We asked one the pastors that we love to dedicate Rupi. This pastor is an adoptive Dad and so he gets it. What I love about the way he did the dedication is he didn't go into our journey or how we came to be parents. Because today was not about Rupi being adopted or the adoption story but simply about us as parents and Rupi as our son.

I wept the WHOLE way through. In front of 600 people. Don't care. I was overcome at God's faithfulness and goodness to us.

Finally.

Finally we stood in the place that represented such pain to us and it was redeemed.


Thank you Jesus.

post signature

5 comments:

Amy said...

Hi Sam - your blog lives in that beauty-filled realm of the bittersweet. I was delighted to read it and catch a glimpse of your story, authentic and very poignant. Today's dedication was very touching and I was struck by the way God uses our experiences for His purpose. For the purposes He has for Reuben's life, He needed you on this journey with your open arms and hearts. What an amazing God and what an incredible couple you guys must be. Love from Amy (the Elusive Walker;)

Gail said...

Hey Sammy,
It was truly beautiful.
xx

Beth said...

Sammy-
What an amazing day- I look at that and believe that one day I will be doing the same thing- thanks for sharing, I am so excited for you and your GROWING family!

Jessica said...

We had Colt's dedication at church just 2 weeks ago. I couldn't believe I was up there, in front of everyone, with my SON! I had watched so many of my friends up there, being blessed by love and prayers from the congregation and longed to do the same thing. It was one more step to me feeling like a complete family.

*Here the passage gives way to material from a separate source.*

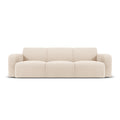 Windsor & Co Lola 3-zitsbank - Bouclé - Lichtbeige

Our preacher that prayed over us had adopted his son as well 20 years ago. He didn't make mention of our struggle, just simply prayed for us as we raised Colt in a Christian home and taught him about God. He did mention that "because of the unique way they have become a family, this blessing feels extra special".

And it was extra special. It's amazing what these little boys can do to us, isn't it? All that waiting and hurting...I would do it again to have the chance to raise not just a baby but to raise COLT.

Reuben is so blessed to have you as parents. What a beautiful day for you!

Jodi said...

Sammy, what a beautiful post. God is great!

Related Posts Plugin for WordPress, Blogger...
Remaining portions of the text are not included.